Quem quiser ser malvado, que pelo menos seja malvado de respeito. Faça favor.
9 Comentários
texto maravilhoso, concorda com muita coisa que eu acredito, como por exemplo, Deus mesmo antecede a unidade sendo o zero, enquanto que o Um (o universo, o deus que a maioria das pessoas e religiões se refere) é o demiurgo
uma pena que esse blog esteja morrendo
sinto muita falta das datas mensais, especialmente das janelas herméticas
Quem está morrendo é você, o blog continua vivo.
Não está morto quem pode para sempre dormir. Em tempos estranhos até a morte pode morrer!
O que seria essa Ousadia ?
A força/energia do Divino Interior, se manifestando no interior do Abismo e em meio ao Vazio, e nele fazendo morada. Um impulso que requer o Nada, que surge espontâneo. A ação que não é reação. Isso é a Ousadia.
Existe algo “público” voltado pra organização e energização dos corpos abissais?

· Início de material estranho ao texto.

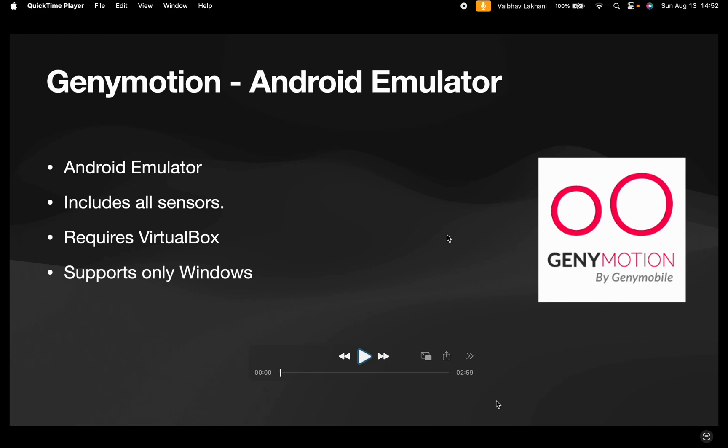Welcome back. In this video we are going to look at Genimotion. Genimotion is an Android emulator that includes all the sensors.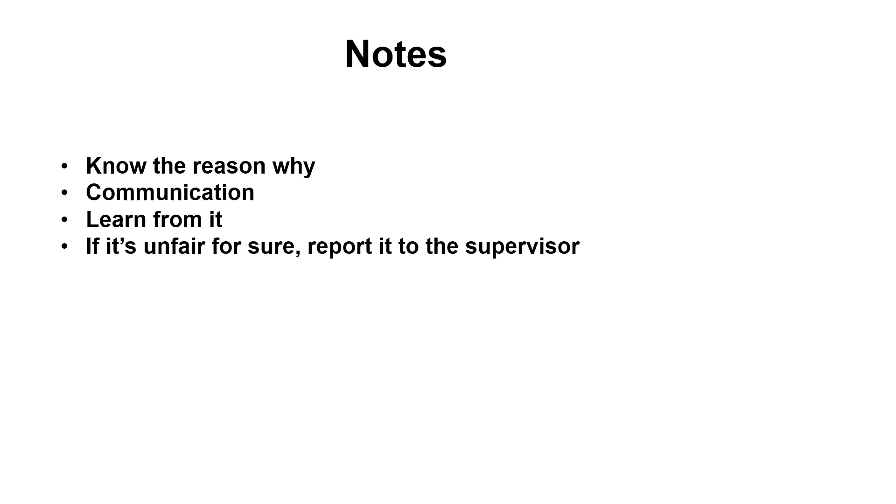This is in order to improve ourselves and become a better doctor. And if it's really unfair, I mean for sure, then the last option would be to report it to the supervisor.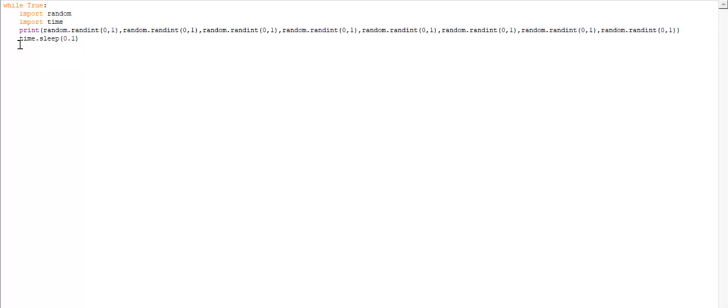And now time.sleep 0.1 is because I want it to wait 0.1 seconds until it writes the next line of binary. So, now that I've told you that,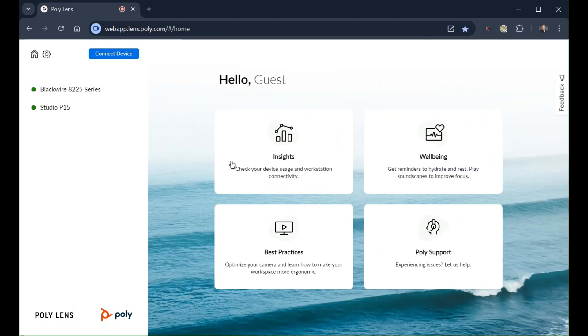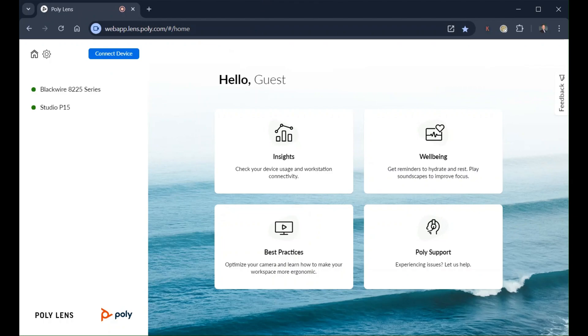As you've seen, the PolyLens web app is a simple yet powerful web-based app for setting audio and video preferences for each device based on your work style and workplace, while using your Chromebook.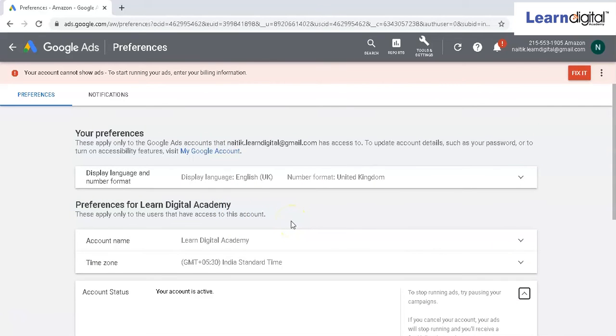You can change the information through this preferences tab. So I hope this is pretty clear how to change your Google Ads account name.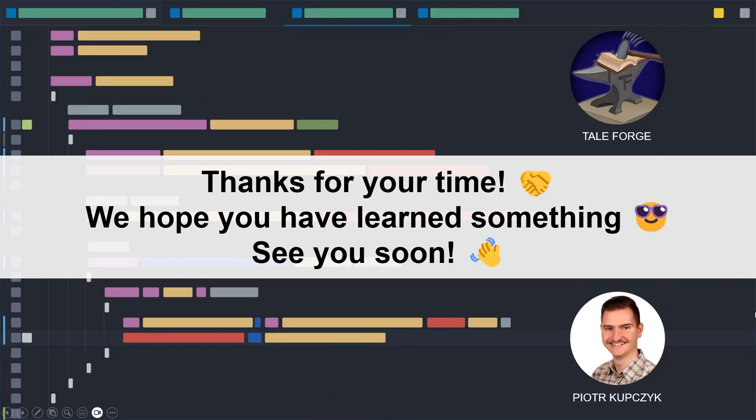Thank you for your time. I hope you learned something. I encourage you to support us on Patreon and see you soon in the next video.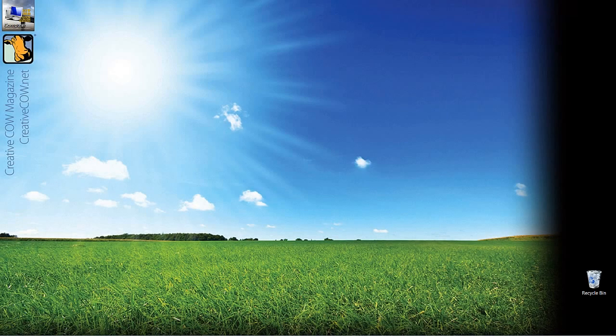Hey everyone, Kevin P. McAuliffe here, and I am back again with another Creative Cow tutorial. In our ongoing look at learning Avid's Media Composer and Symphony, we're going to take a look at part 2 of our look at Avid's title tool. In this tutorial, we're going to cover a lot of ground.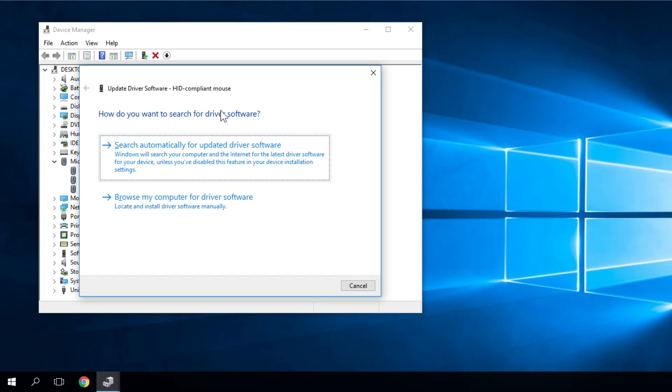If your Windows will find those drivers you'll be okay, your mouse pointer will be visible again. If not, I'm going to show you how to try to roll back the mouse pointer driver.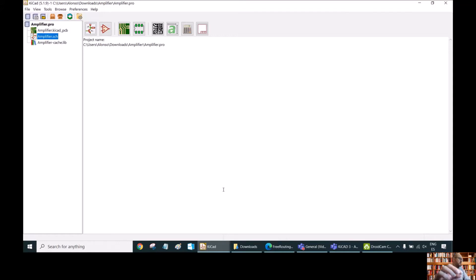Hello everyone, welcome to this presentation. This time I'm going to show you how to do auto-routing using KiCAD.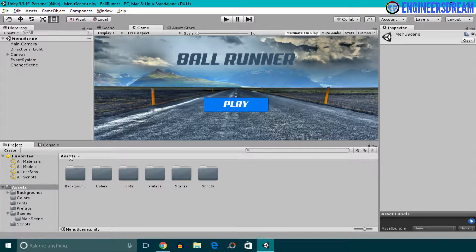Hey, what's up guys, welcome back. In this section, we will design a first VR application.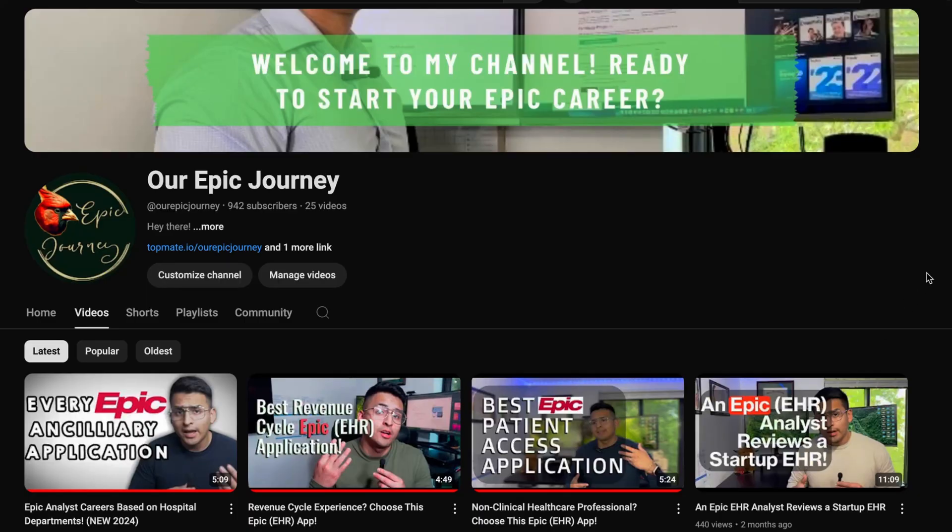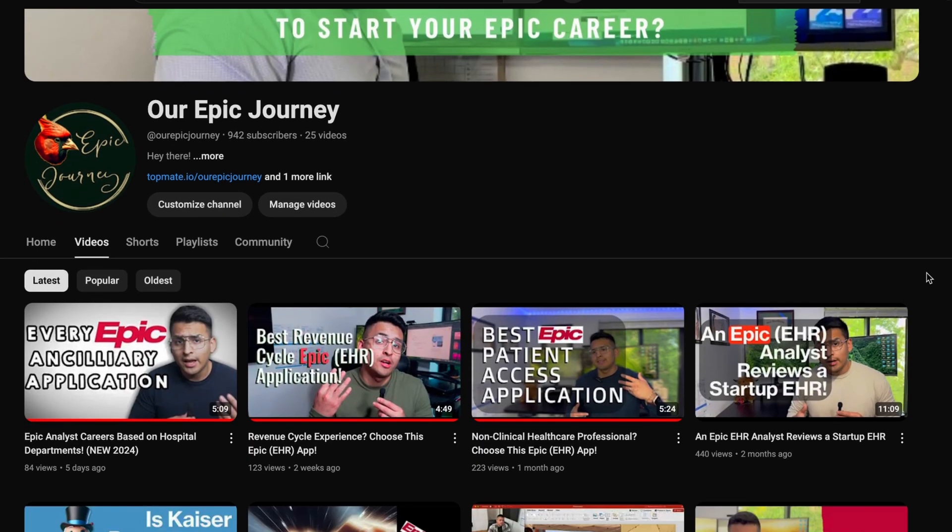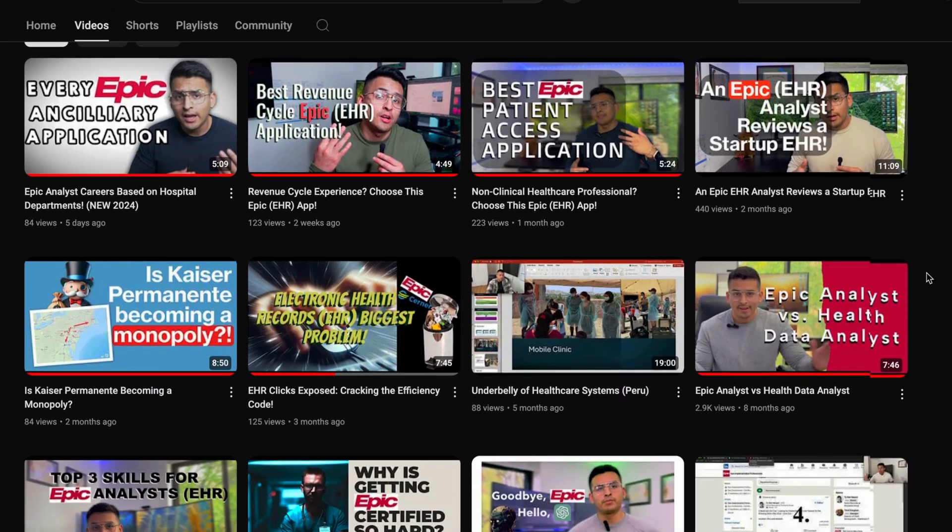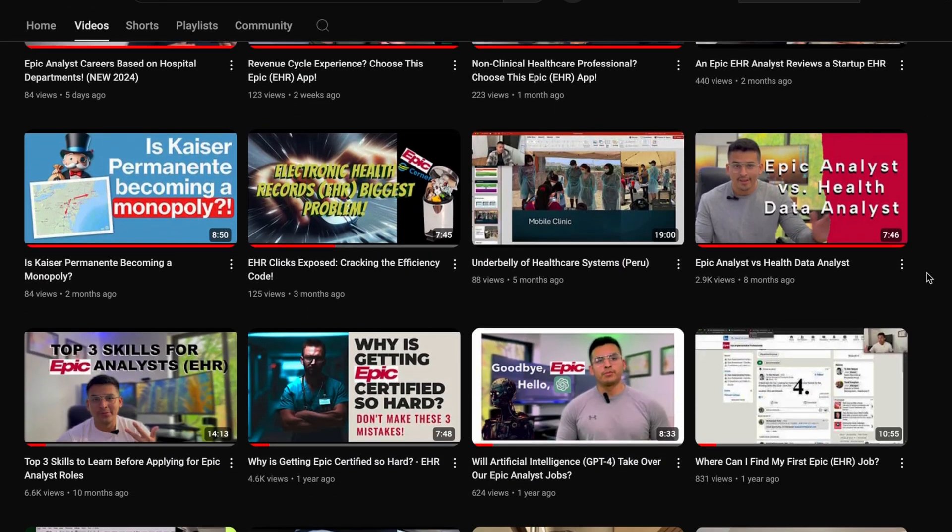Hello guys, welcome back to the channel. In today's video, I will be discussing four core EHR applications that Epic offers, and I will be giving you my opinion on which one I think is the best. If you're new here, my channel is all about helping healthcare professionals transition into Epic roles.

algo como as terapias new age que organizam os corpos astrais.
Por enquanto desconheço. Mas há planos de que eu ofereça algo similar no futuro. Quando for a hora, faço uma chamada na página do platinorum no facebook.
Seres da fraternidade branca possuem faces no abismo?
Por exemplo, acessar e conversar com El Morya porém no seu aspecto abissal.
Sim. São um porre. Especialmente os que mexem com política e corrupção.